The Kaiser roll belongs to Vienna the way the baguette belongs to Paris. Walk into any Austrian bakery at dawn and you'll find these golden crowned rolls emerging from the oven by the hundreds, their crusts crackling as they cool. The Habsburg emperors gave these rolls their name, but ordinary Viennese families made them immortal by demanding them fresh every morning for generations.

What makes a proper Kaisersemmel is that distinctive five-petal pattern pressed into the top. It's not decoration for its own sake. The folds create thin sections of dough that bake into crisp, shattering layers while the thicker portions stay tender.
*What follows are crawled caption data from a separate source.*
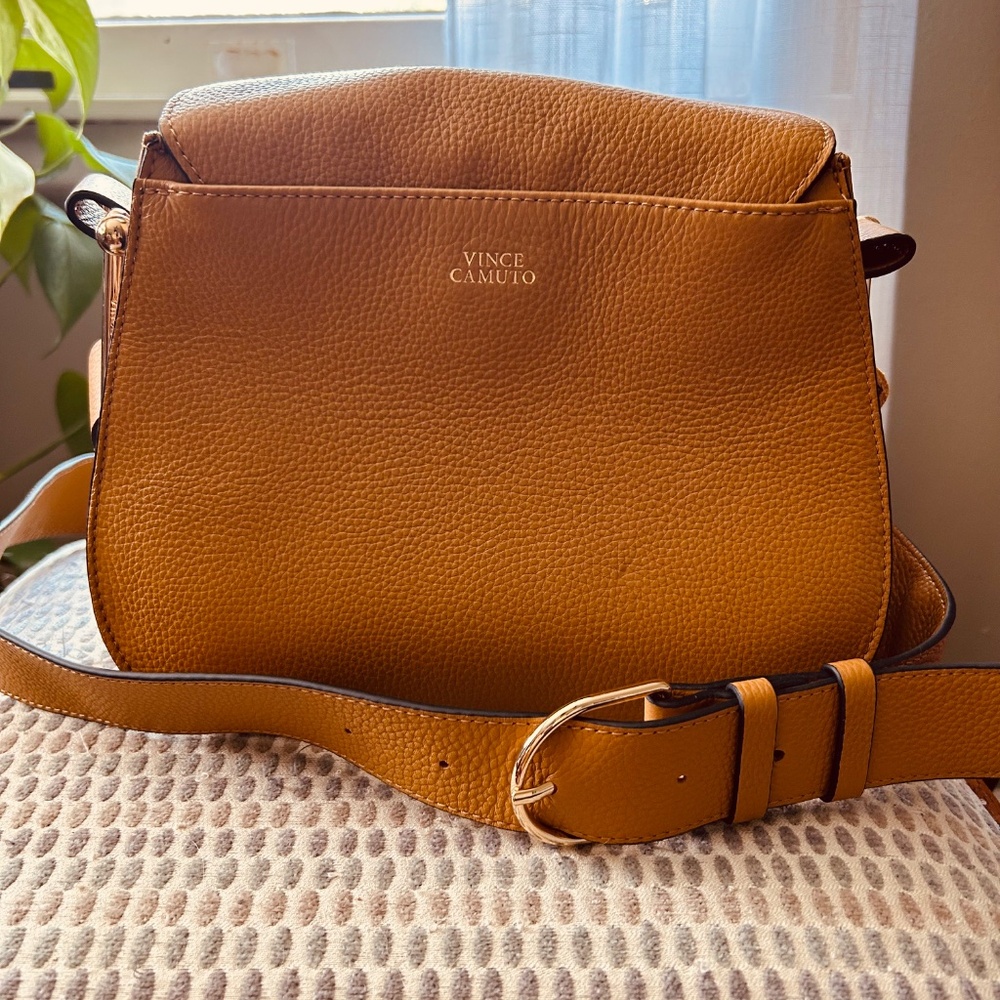Vince Camuto leather shoulder/crossbody purse - Picture 7 of 9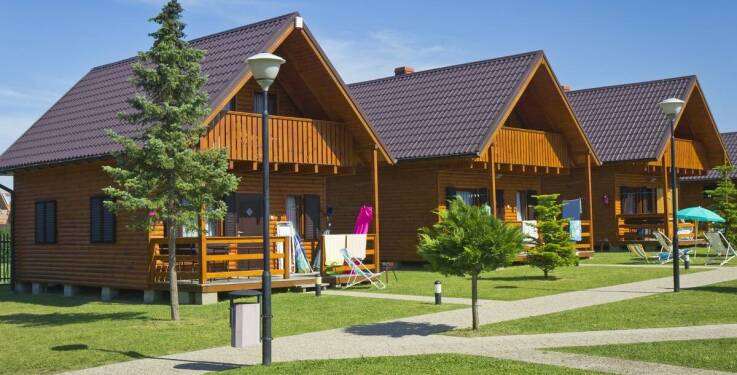 Noclegi z pupilem: przyjazne zwierzętom domki letniskowe w Sianożętach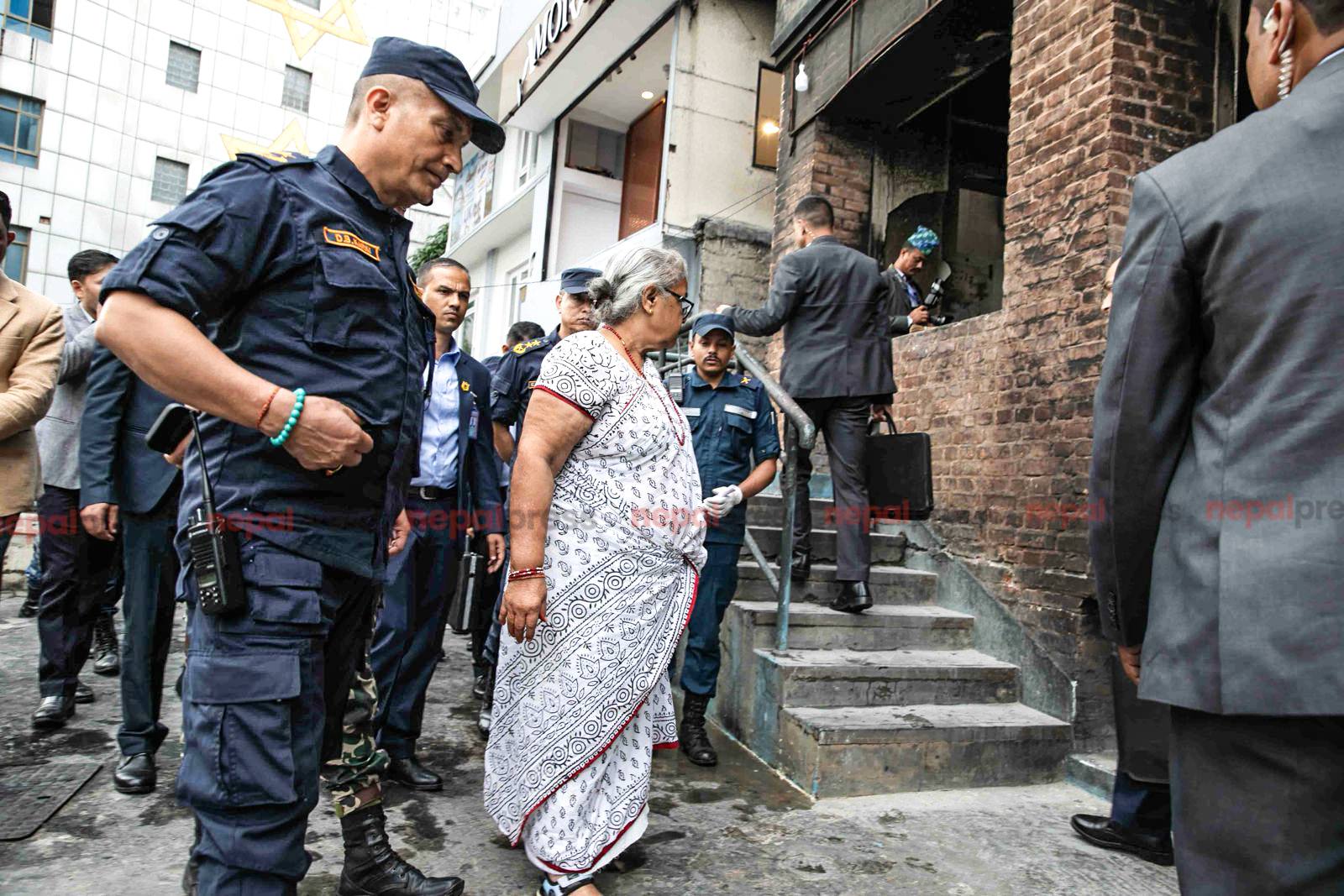 आगजनी र तोडफोड गरिएको प्रहरी कार्यालय निरीक्षण गर्दै प्रधानमन्त्रीले भनिन्- उच्च मनोबलले काममा फर्किनोस्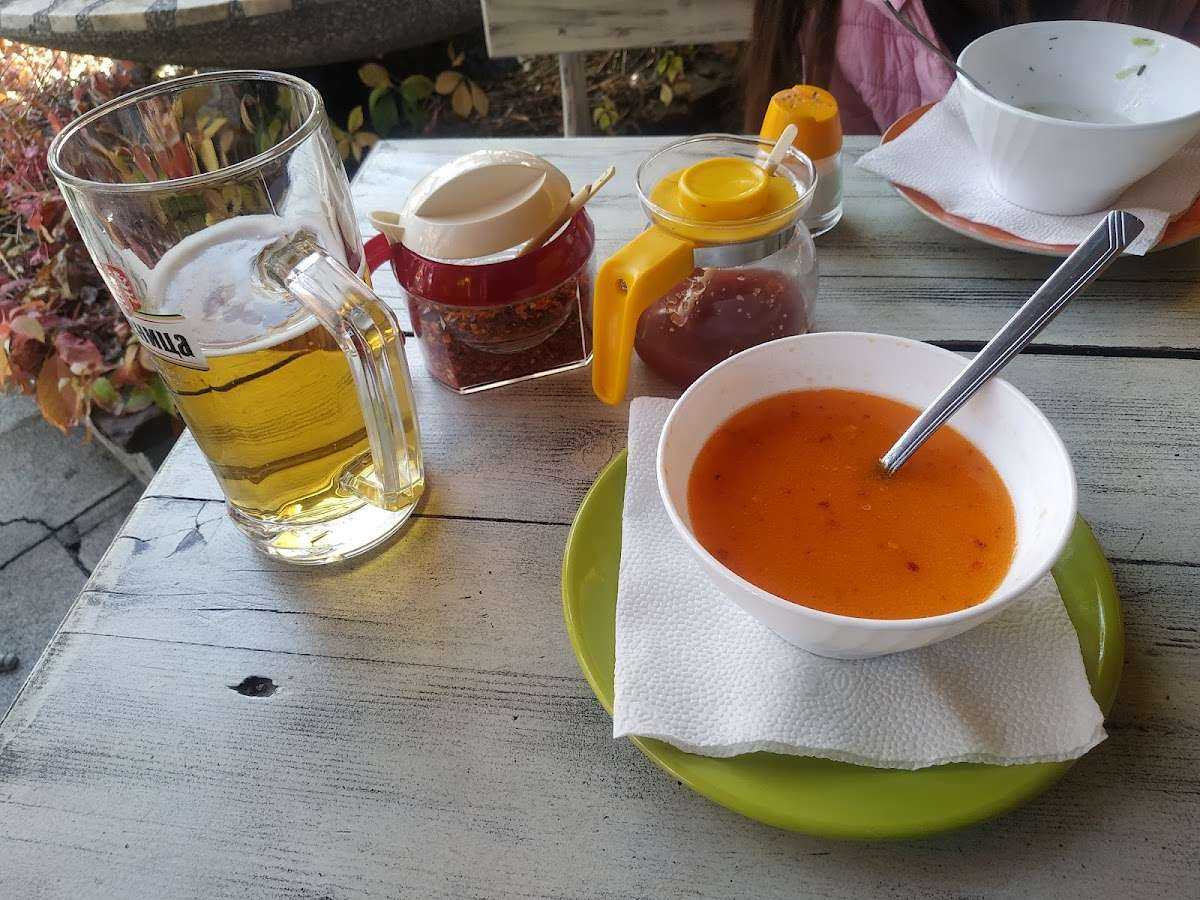 Кафе Черно и бяло Хисаря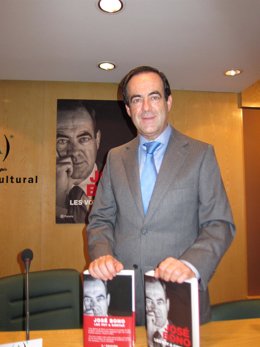 José Bono en la presentación de su libro en Zaragoza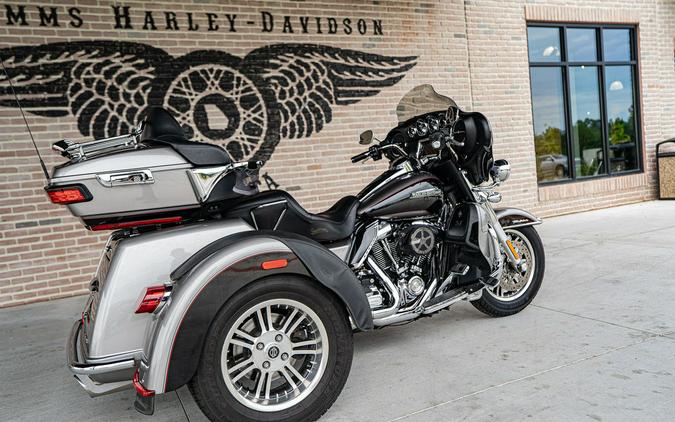 2017 Harley-Davidson® FLHTCUTG - Tri Glide® Ultra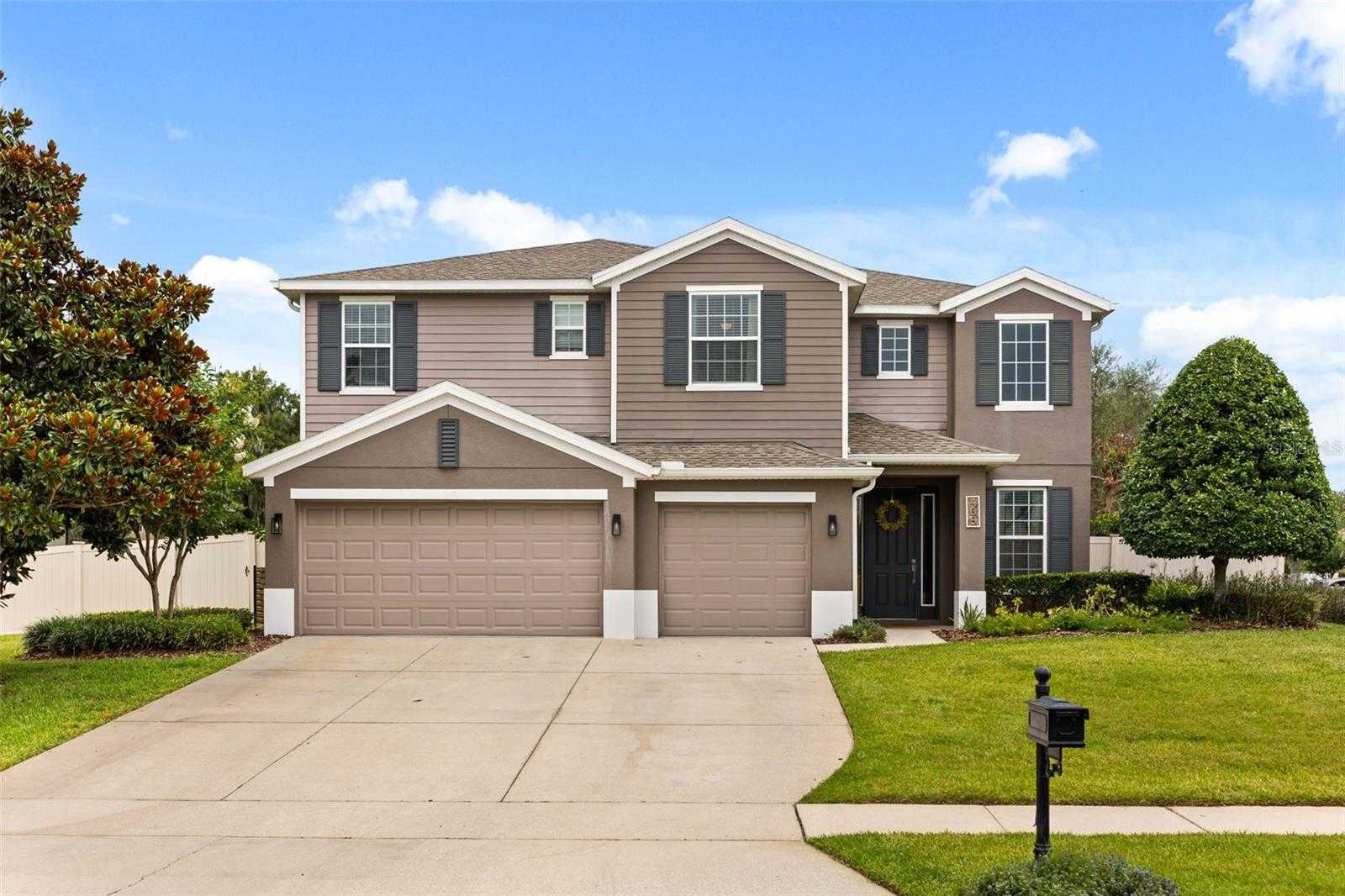 405 LONE HERON WAY Winter Garden Florida United States, for Sale, residential, Zaira Mejia, Spaces & Styles Group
You get contrast in every bite. The technique looks intimidating until you've done it twice. Then your hands remember.

I learned to shape these rolls from an Austrian baker who'd been making them since he was fourteen. He could form one in about four seconds. I take considerably longer, and so will you at first. That's fine. Speed comes with repetition. What matters is understanding the motion: a twist, a tuck, five points pressed into the center. The dough does most of the work if you let it relax properly between steps.

These rolls deserve the same respect as any French bread. They're meant to be eaten the day they're baked, ideally within hours of leaving the oven. Split one open while it's still slightly warm, spread it with good butter, and you'll understand why the Viennese have been obsessed with them for centuries.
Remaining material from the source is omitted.